Assigned task: Pictures aside, repeat the listing below exactly.

*** Source data ***

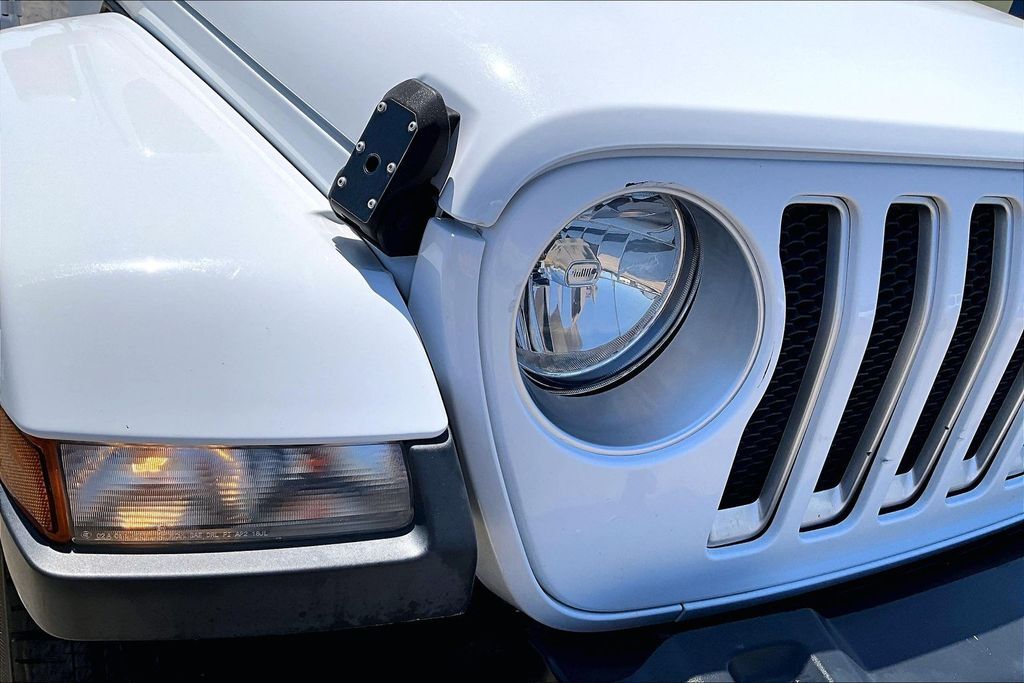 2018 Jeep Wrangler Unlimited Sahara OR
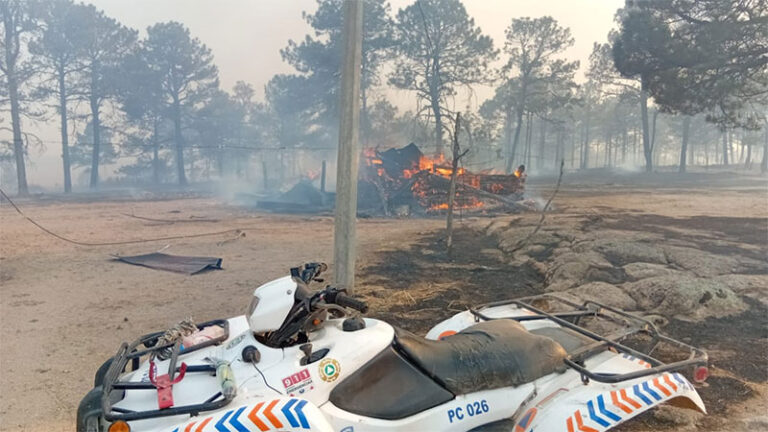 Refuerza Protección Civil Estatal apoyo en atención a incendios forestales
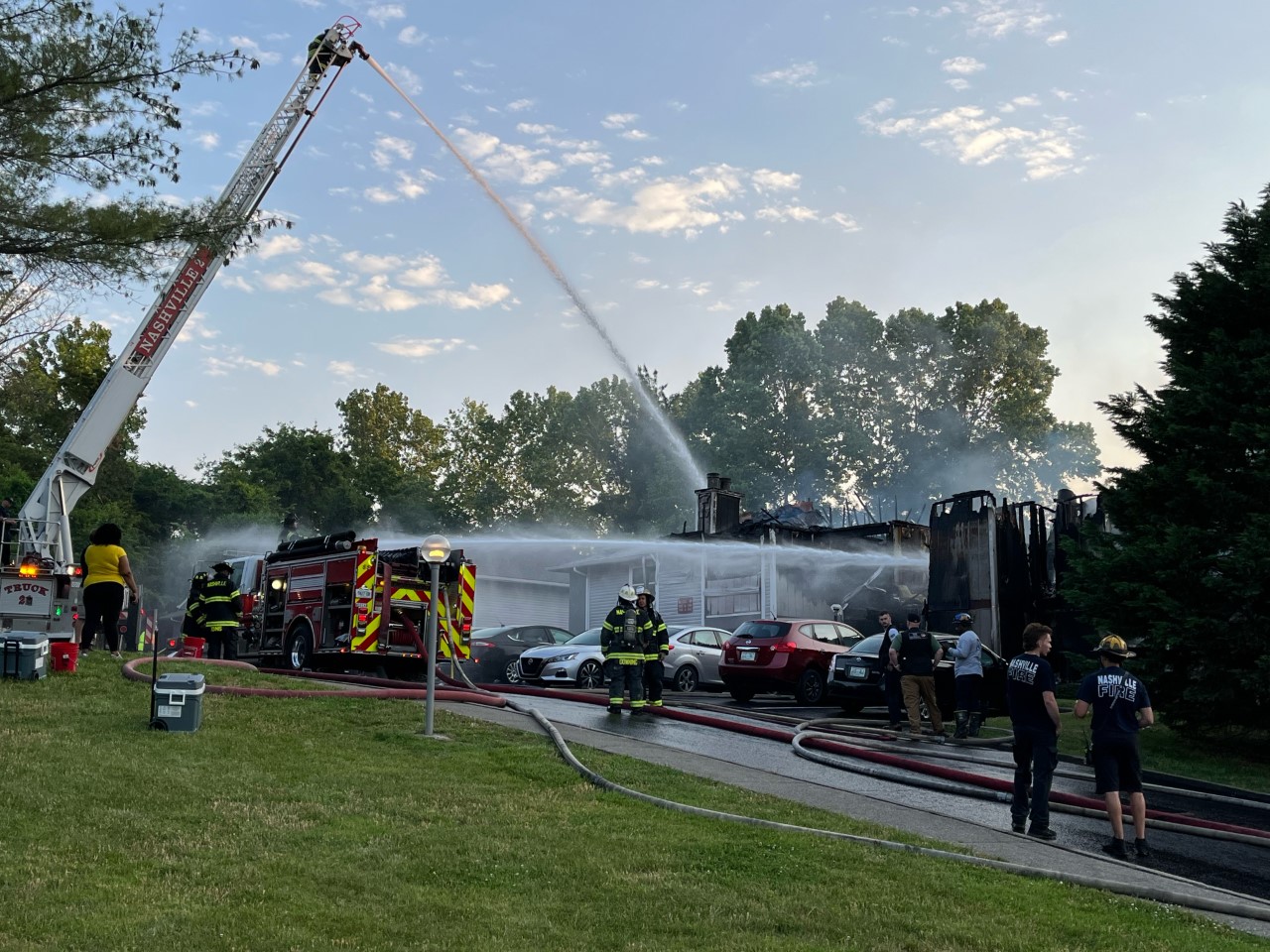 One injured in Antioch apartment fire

*** End of Source data ***

Written reply:
 2018 Jeep Wrangler Unlimited Sahara OR
 Refuerza Protección Civil Estatal apoyo en atención a incendios forestales
 One injured in Antioch apartment fire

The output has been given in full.